The announcement of the membership of the C of E's Code of Practice working group is a very clear indication of the kind of recommendations it will make. There is to be just one "traditionalist," Bishop Martin Warner, out of a membership of eight. A report and some reactions from the Church Times here
Of course, in Wales we are waiting for a new bill to introduce women bishops to be brought before the Governing Body following the defeat of the last attempt a couple of years ago. It can only be a (very short) matter of time; there are undoubtedly some in highly influential positions in the Church in Wales who will be determined to reinforce their 'progressive' credentials by stealing a march on the Church of England by successfully reintroducing the bill sooner rather than later.

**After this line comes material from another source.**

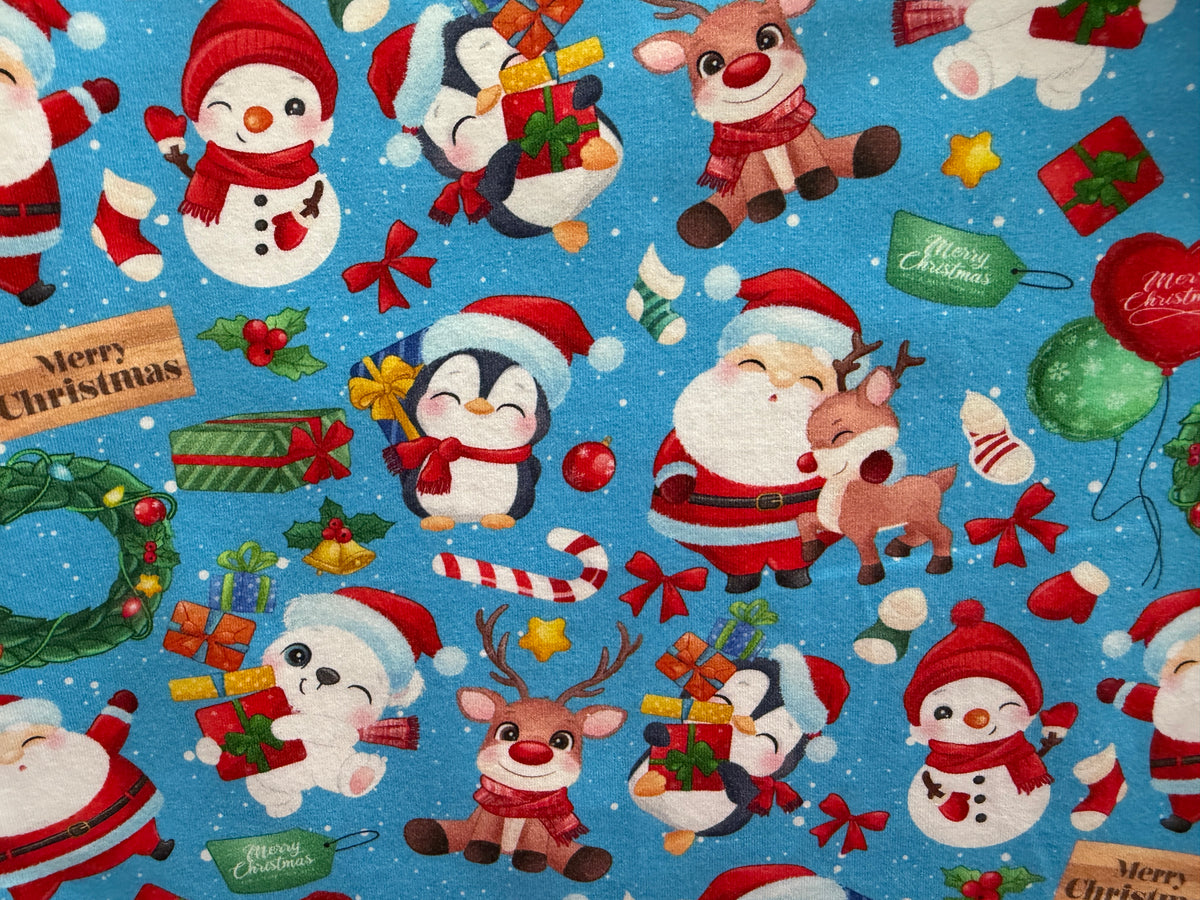 (1944) Blue Santa T-Shirt - Size 6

I have heard the suggestion of September next year?
One thing is sure; when that time comes there will be no working party, no code of practice and no need to wait for Parliamentary approval. The latter is just one of the benefits of disestablishment in the eyes of some, although we might think the original framers of the Church in Wales Constitution would be somewhat taken aback at the ease at which this much vaunted (and necessary) freedom from State control is now being employed in the service of heterodoxy. One doesn't necessarily need to be part of an Established Church to believe in and implement a thoroughgoing 'erastianism.' Who now needs to be forced into following popular opinion? The work of secularisation is so much more smoothly done if one simply steps up of one's own free will to imitate prevailing fashion without troubling to interrogate it by means of scripture and the tradition.
Whatever the problems of the Church of England, disestablishment by itself was clearly never the solution to them.